EXERCISE DESCRIPTION >>
What you give back must match the data exactly, minus the pictures.

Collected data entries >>
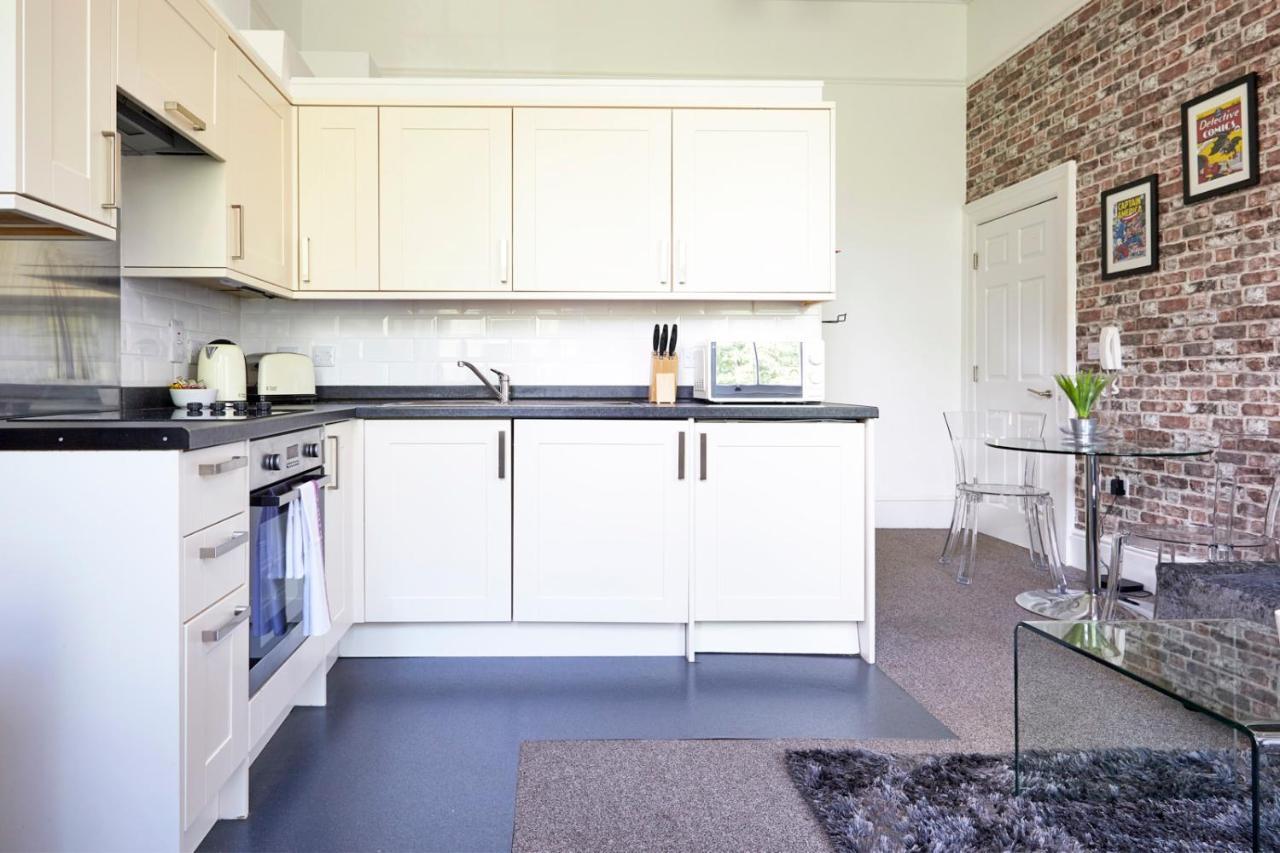 Berkeley Square Pads Apartment Bristol Exterior foto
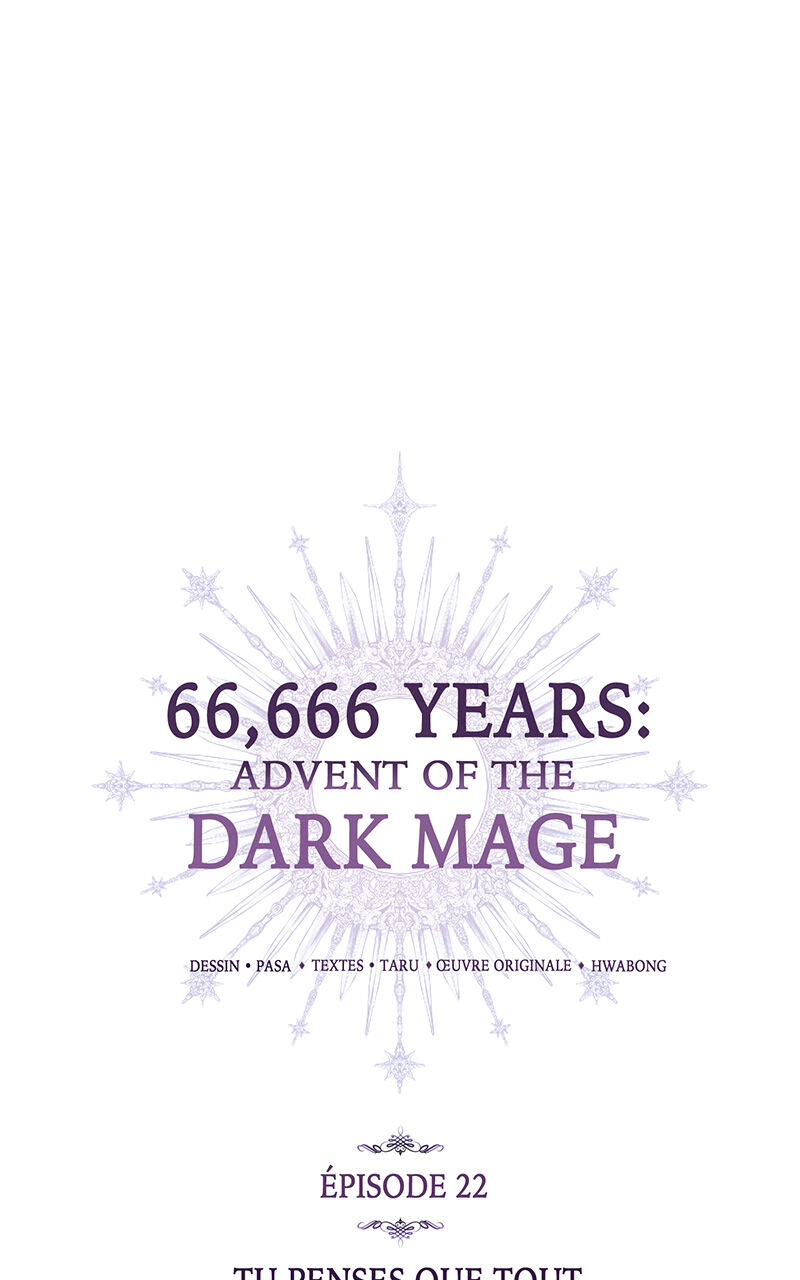 Read The Dark Magician Transmigrates After 66666 Years FR Manga Online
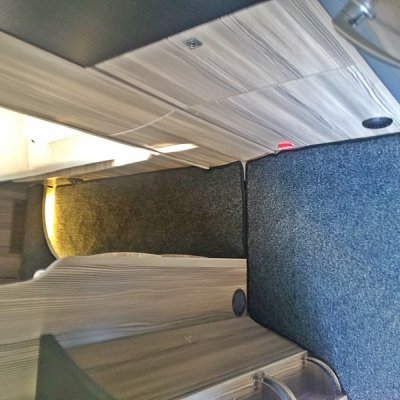 フロアマット バンテック ZiL5 ジル5 カムロード 専用 1台分 ふかふか ...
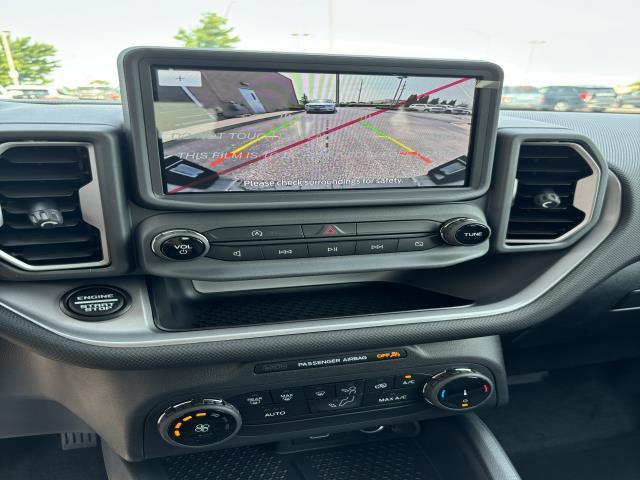 new 2024 Ford Bronco Sport car, priced at $27,750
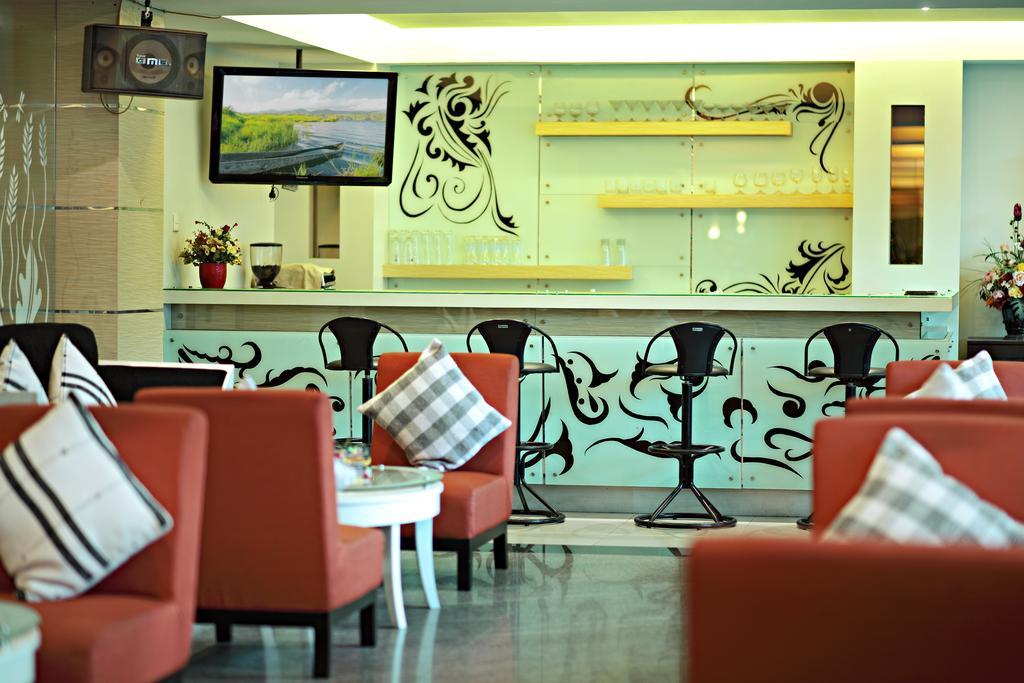 Hotel Pangeran City Padang  Buitenkant foto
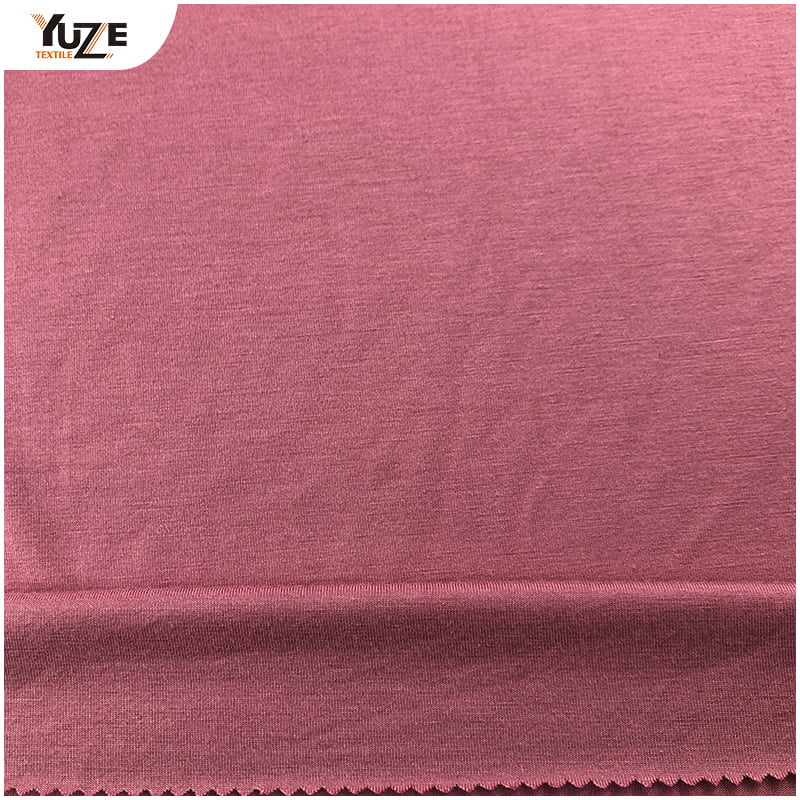 YZK-080075-2 Rayon Spandex Ring Spun P/D.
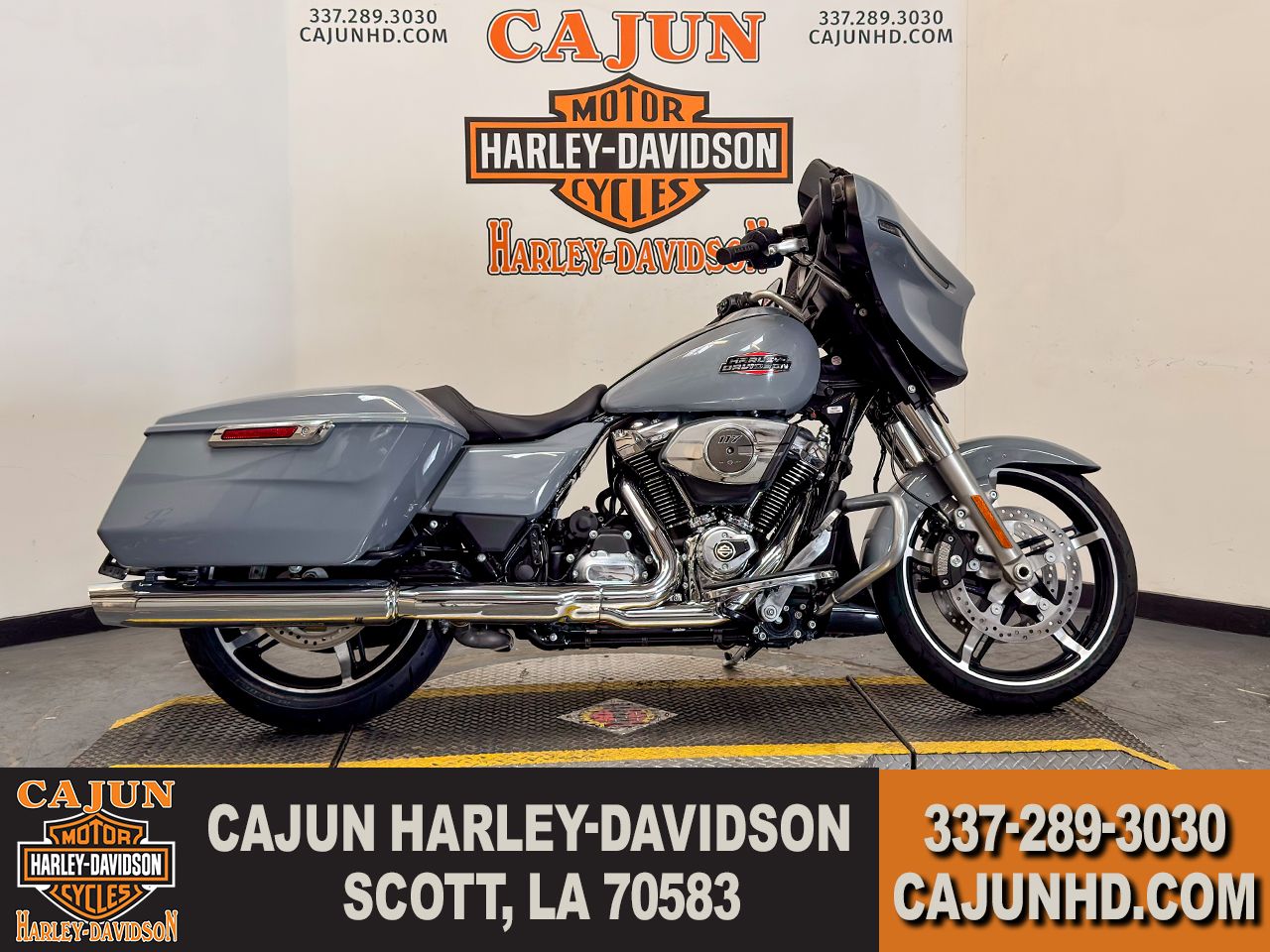 2026 Harley-Davidson Street Glide® in Scott, Louisiana - Photo 1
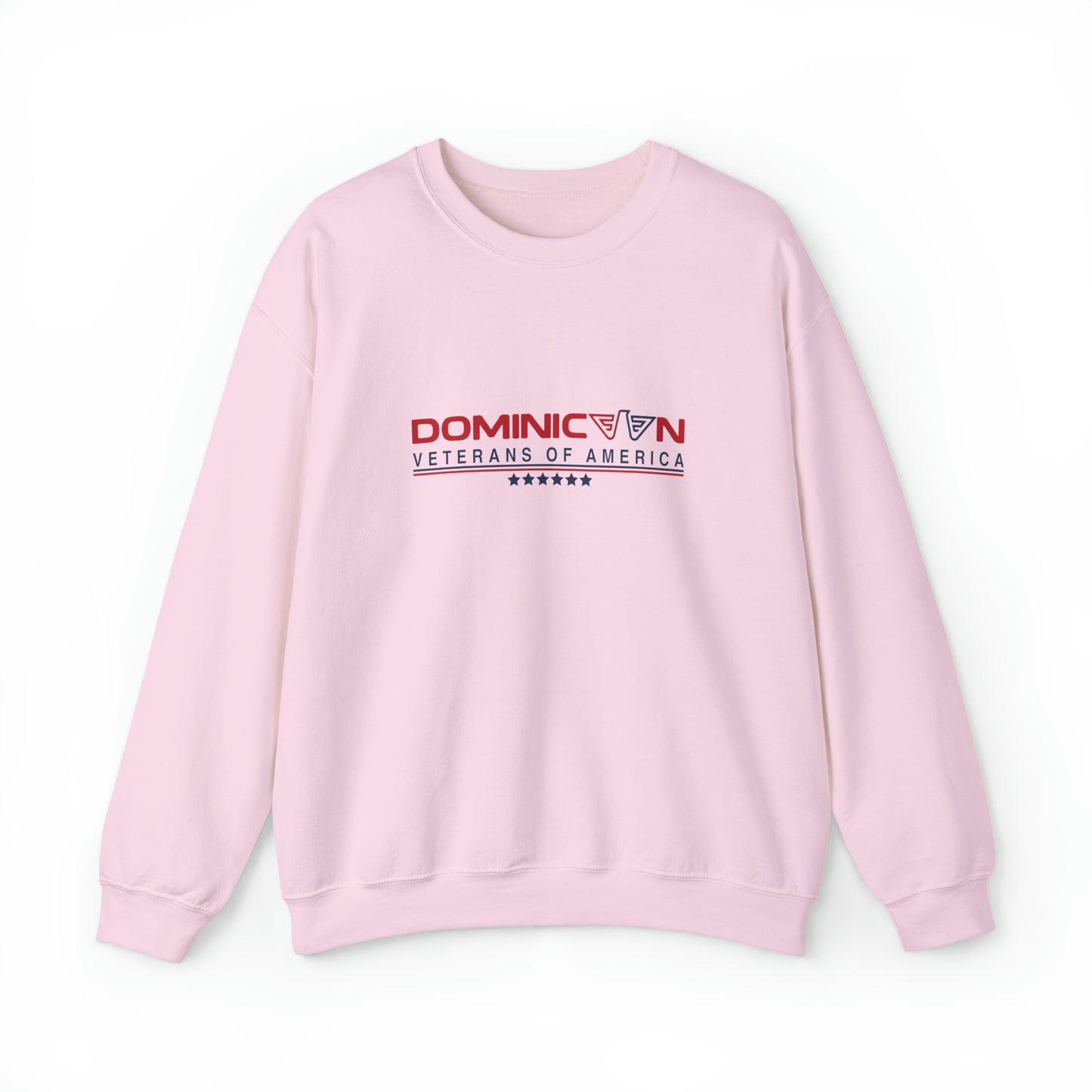 Dominican Veterans of America Unisex Heavy Blend™ Crewneck Sweatshirt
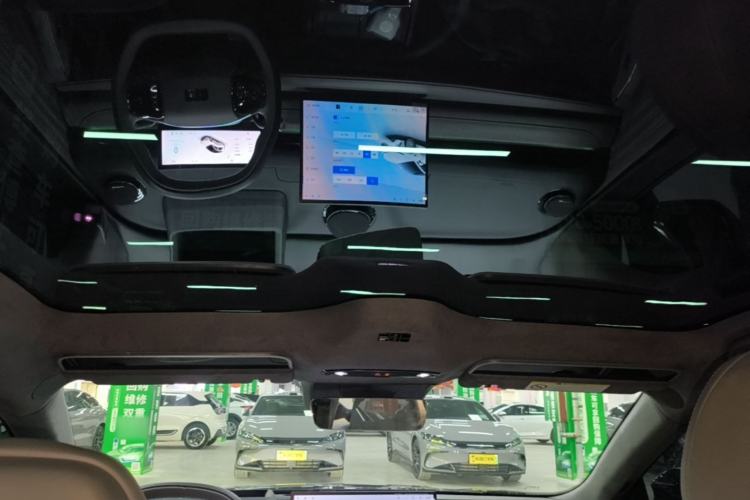 Used Geely Galaxy 8 2025 130km EM-P Starship Edition Headliner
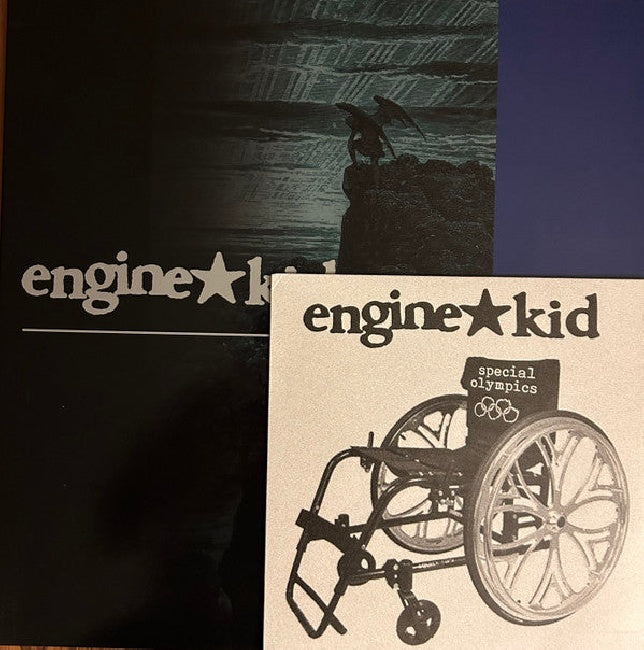 Engine Kid - Angel wings (LP)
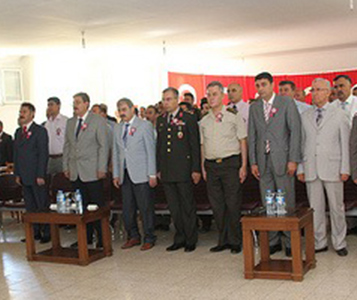 JANDARMA SATEN YAKA KOKARTI - 14 Haziran Jandarma Kuruluş Yıldönümü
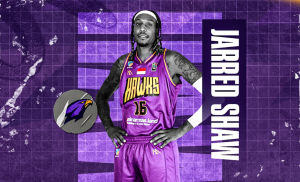 Jarred Shaw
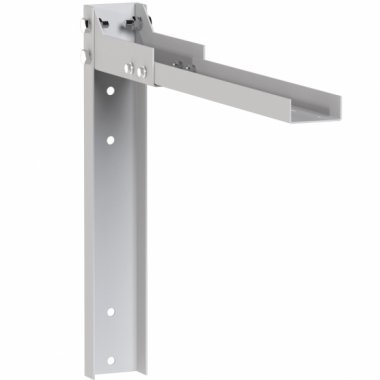 Фотография товара 'EKF korz-kr600 Кронштейн для корзины для кондиционера длинный (600х94х751)'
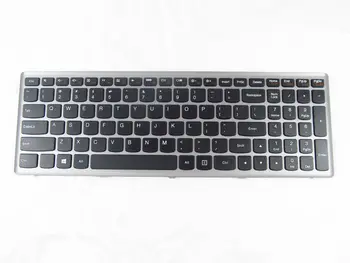 

New For Lenovo IdeaPad Z710 US layout Laptop Keyboard 25205519 PK130SK1A00 9Z.N8RSC.001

ANSWER FOR THE TASK >>
 Berkeley Square Pads Apartment Bristol Exterior foto
 Read The Dark Magician Transmigrates After 66666 Years FR Manga Online
 フロアマット バンテック ZiL5 ジル5 カムロード 専用 1台分 ふかふか ...
 new 2024 Ford Bronco Sport car, priced at $27,750
 Hotel Pangeran City Padang  Buitenkant foto
 YZK-080075-2 Rayon Spandex Ring Spun P/D.
 2026 Harley-Davidson Street Glide® in Scott, Louisiana - Photo 1
 Dominican Veterans of America Unisex Heavy Blend™ Crewneck Sweatshirt
 Used Geely Galaxy 8 2025 130km EM-P Starship Edition Headliner
 Engine Kid - Angel wings (LP)
 JANDARMA SATEN YAKA KOKARTI - 14 Haziran Jandarma Kuruluş Yıldönümü
 Jarred Shaw
 Фотография товара 'EKF korz-kr600 Кронштейн для корзины для кондиционера длинный (600х94х751)'

New For Lenovo IdeaPad Z710 US layout Laptop Keyboard 25205519 PK130SK1A00 9Z.N8RSC.001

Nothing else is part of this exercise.